» **EXERCISE AIM**: Please tally every line in the listing below where the word "dead" appears, then give the number and nothing more.

» **RECORDS SHOWN**:
■ ■ ■ ■ ■

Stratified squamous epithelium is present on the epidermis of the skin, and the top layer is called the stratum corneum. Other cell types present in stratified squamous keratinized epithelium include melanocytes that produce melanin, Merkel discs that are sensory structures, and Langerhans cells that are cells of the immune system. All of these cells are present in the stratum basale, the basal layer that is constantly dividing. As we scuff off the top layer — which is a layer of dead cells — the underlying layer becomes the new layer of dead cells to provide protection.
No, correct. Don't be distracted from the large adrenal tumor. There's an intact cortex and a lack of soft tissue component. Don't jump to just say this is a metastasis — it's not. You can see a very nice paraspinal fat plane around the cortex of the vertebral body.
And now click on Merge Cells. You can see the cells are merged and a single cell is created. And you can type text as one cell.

■ ■ ■ ■ ■

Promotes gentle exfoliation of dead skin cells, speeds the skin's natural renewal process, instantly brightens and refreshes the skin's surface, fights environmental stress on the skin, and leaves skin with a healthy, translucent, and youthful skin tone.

■ ■ ■ ■ ■

» **ANSWER TO THIS TASK**: 2